Work item:
Pictures stay out; please output the remaining data exactly.

Dataset section:

▼

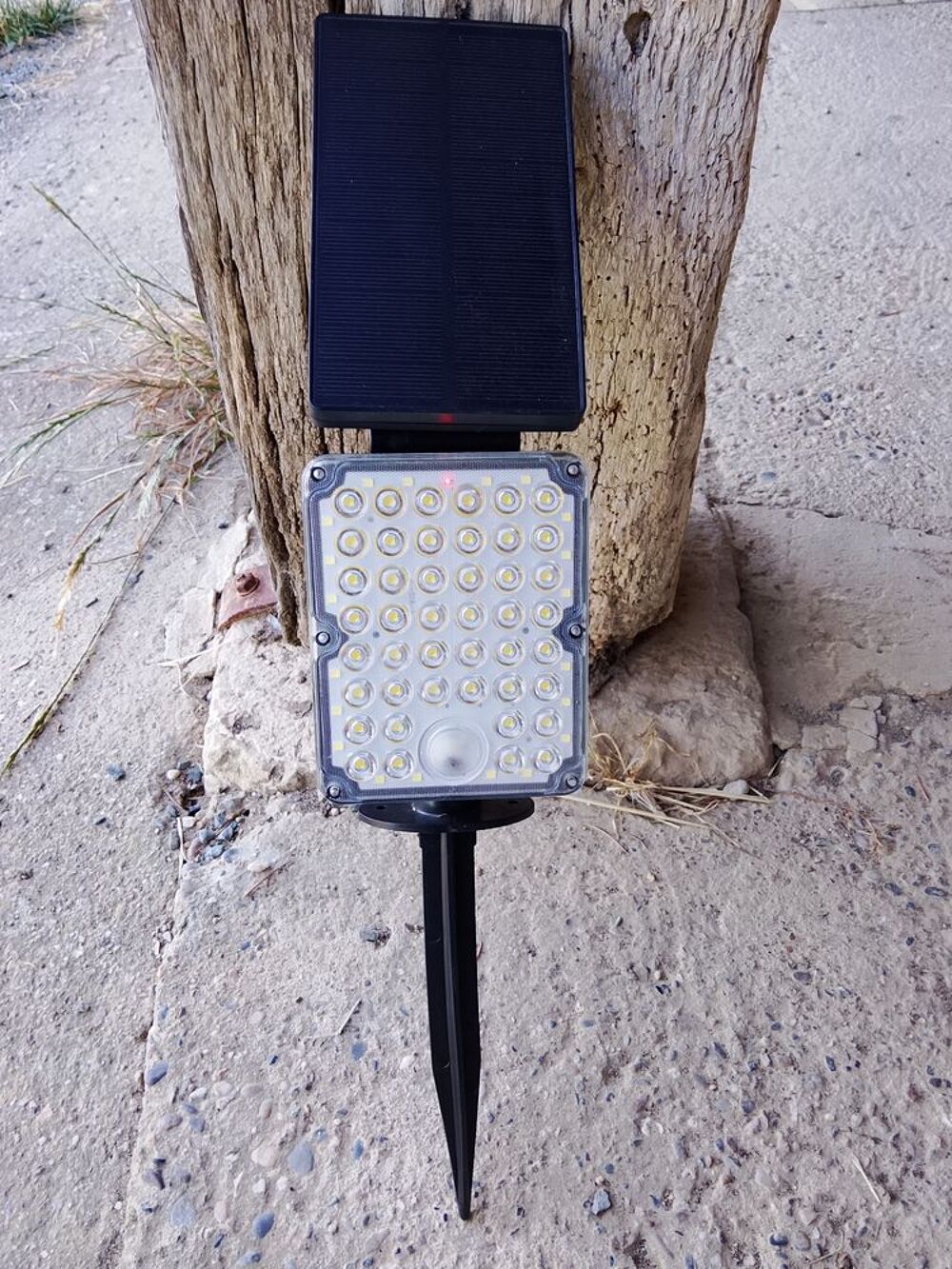 Spot a Piquer Led Solaire 10 watts Jardin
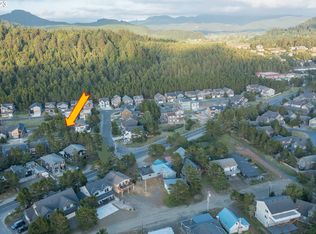 Dory Pointe Loop, Pacific City, OR 97135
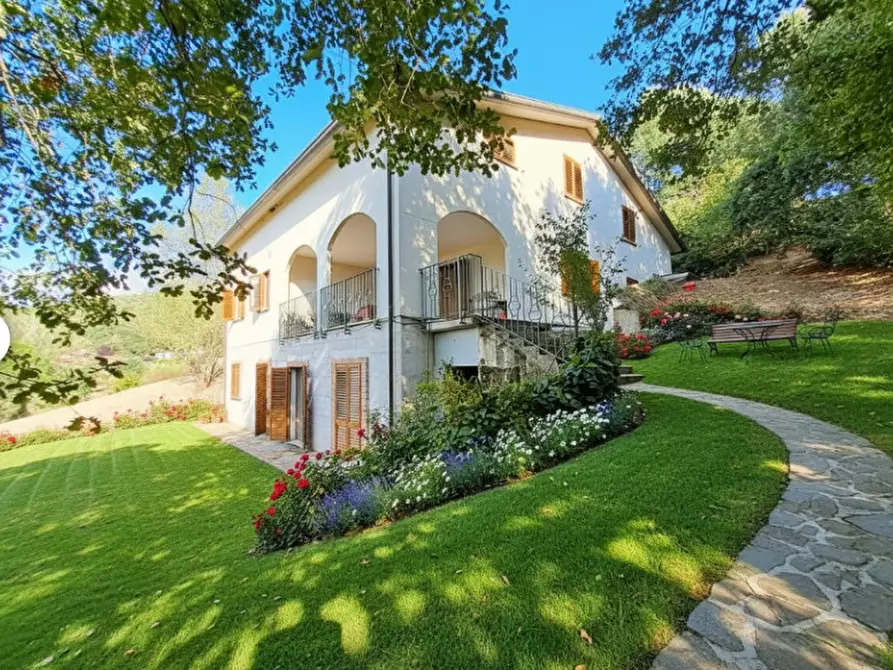 Immagine 6 di Villa in vendita  a Magione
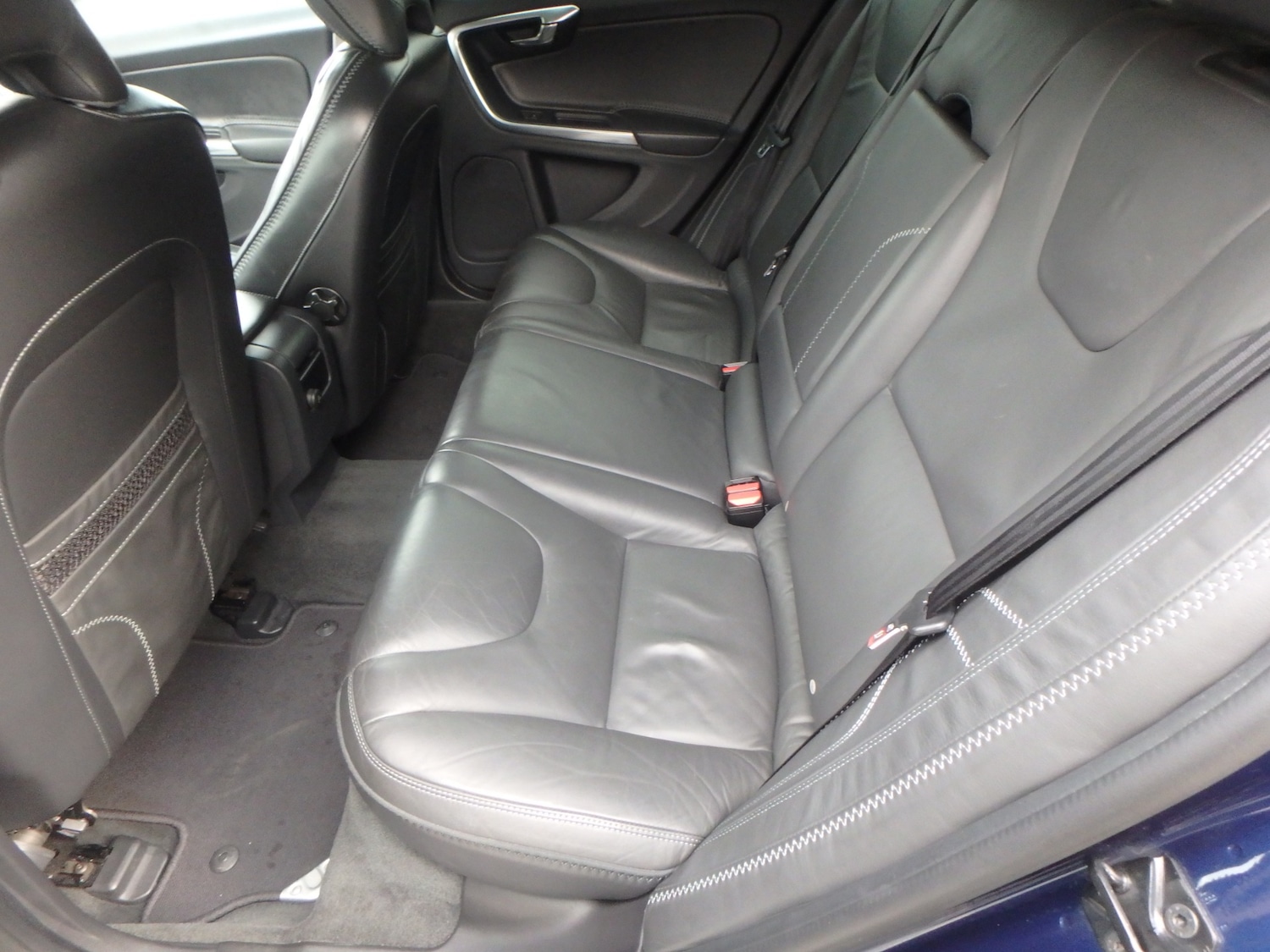 Used Volvo V60 2012 for sale - 76320485: Photo 11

▲

Task result:
 Spot a Piquer Led Solaire 10 watts Jardin
 Dory Pointe Loop, Pacific City, OR 97135
 Immagine 6 di Villa in vendita  a Magione
 Used Volvo V60 2012 for sale - 76320485: Photo 11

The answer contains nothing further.